A year after Wikipedia editors discovered an article had been plagiarized in a newspaper, last week another columnist became at least the second person to lose their job after plagiarizing from Wikipedia.
Jacqueline Gonzalez, a columnist at the San Antonio Express-News and an assistant to the paper's editor, resigned after the plagiarism was discovered in her "Watchdog" column for Christmas Day. The newspaper determined that she used information from Wikipedia without attribution. The material in question, presumably taken from the Christmas article, concerned the origin of 25 December as the traditional birth date for Jesus Christ.
The case resembles one at the Honolulu Star-Bulletin, which dismissed reporter Tim Ryan last year after Wikipedia editors found a number of cases in which Ryan appeared to have plagiarized, including from Wikipedia. In contrast to the Star-Bulletin, the Express-News appears to have caught the plagiarism on its own, rather than having it pointed out to them. The discovery of Gonzalez's plagiarism was made by another employee of the paper.
After Gonzalez admitted to this initial error, the Express-News had its research department examine a batch of her previous columns.

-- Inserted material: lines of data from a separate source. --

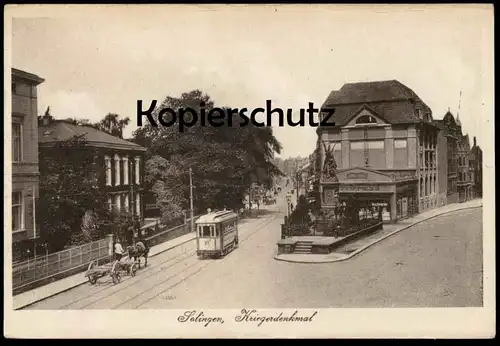 ALTE POSTKARTE SOLINGEN KRIEGERDENKMAL STRASSENBAHN LINIE 21 OTTO MESS FLEISCHWAREN tram tramway Denkmal
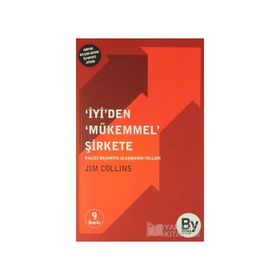 İYİ'DEN MÜKEMMEL ŞİRKETE KALICI BAŞARIYA ULAŞMANIN YOLLARI - JIM COLLINS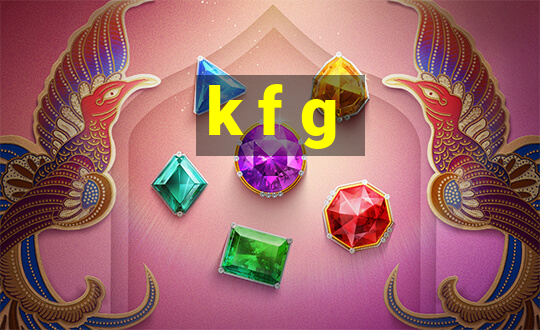 k f g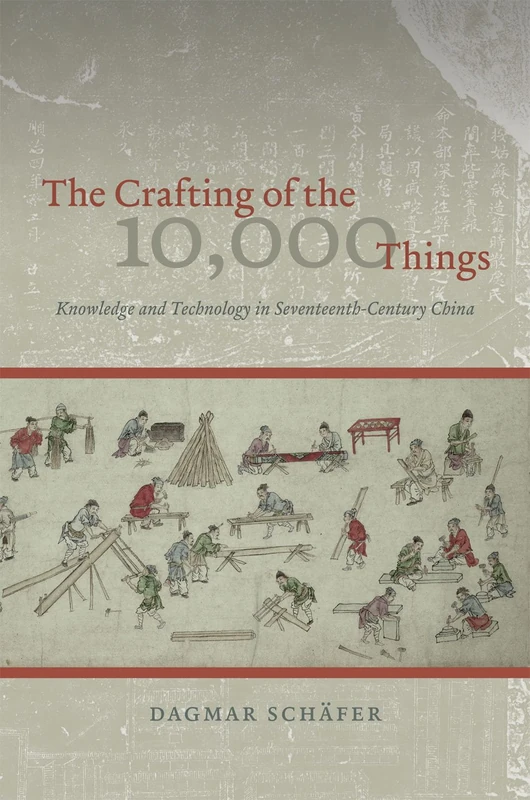 The Crafting of the 10,000 Things – Knowledge and Technology in Seventeenth–Century China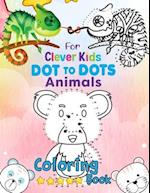 Dot to Dot Animals Coloring Book For Clever Kids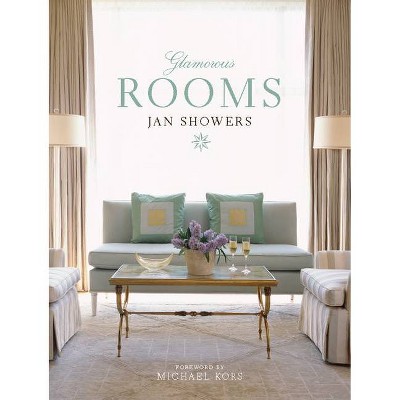 Glamorous Rooms - by  Jan Showers (Hardcover)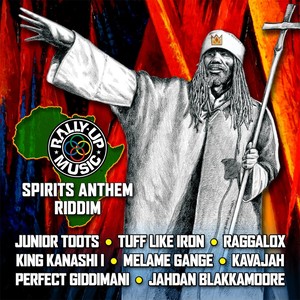 Spirits Anthem Riddim Compilation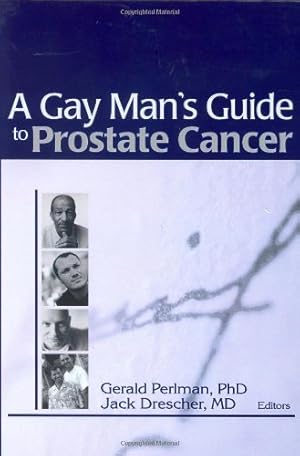 Seller image for A Gay Man's Guide to Prostate Cancer (Journal of Gay & Lesbian Psychotherapy Monographic "Separates") for sale by ZBK Books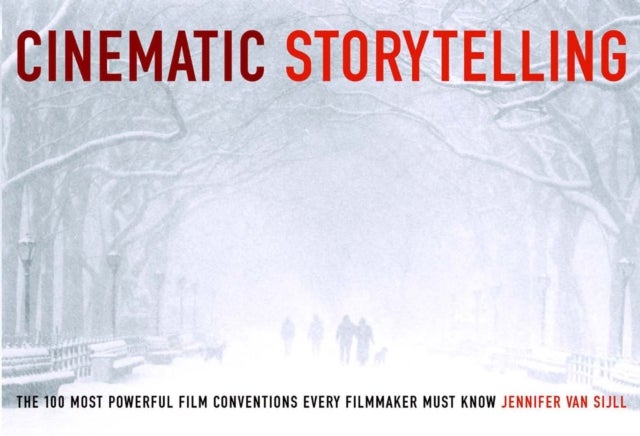 Cinematic Storytelling - The 100 Most Powerful Film Conventions Every Filmmaker Must Know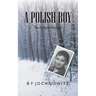 A Polish Boy: The Youngest Partisan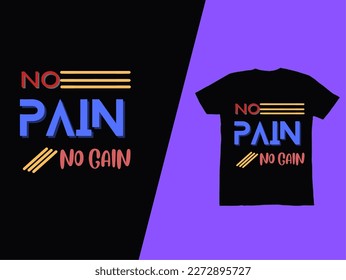 NO PAIN NO GAIN T-SHIRT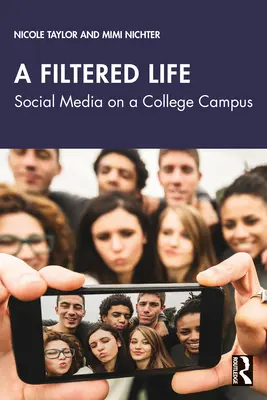 Une vie filtrée : Les médias sociaux sur un campus universitaire - A Filtered Life: Social Media on a College Campus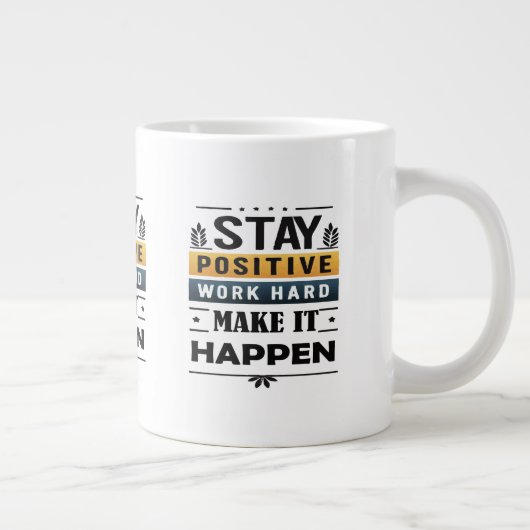 Grande Tasse Restez Positifs, Travaillez dur, Faites-Le Arriver (Droite)
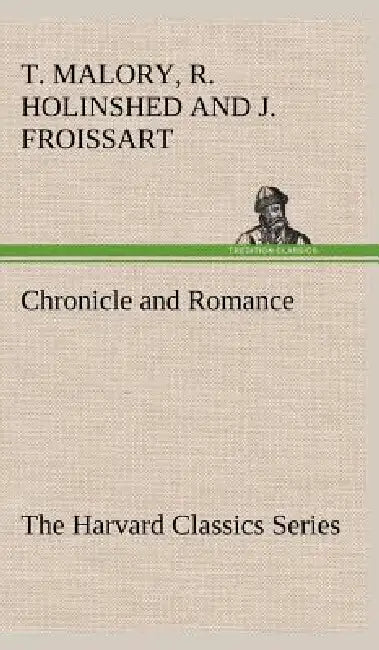 Chronicle and Romance (The Harvard Classics Series) by Thomas Malory, Malory Froissart, Raphael Holinshead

Matching Dragons flight's observation that "a writer is never caught for their first act of plagiarism", on Tuesday the investigation turned up two additional cases in previous weeks. Gonzalez also resigned Tuesday, 2 January.
The Express-News situation was resolved relatively quickly over the course of a holiday weekend. At the Star-Bulletin, three weeks elapsed between the time the paper was initially informed and when the dismissal of Ryan was announced. One source reported that a suspension had initially been imposed, but additional instances of plagiarism continued to be discovered.
In these two situations the consequences became public, but they are not the only cases in which the media has likely plagiarized Wikipedia articles. Possible instances previously reported include news agencies Reuters [1] and Agence France-Presse [2], along with German magazine Der Spiegel [3] and an Australian community newspaper group [4].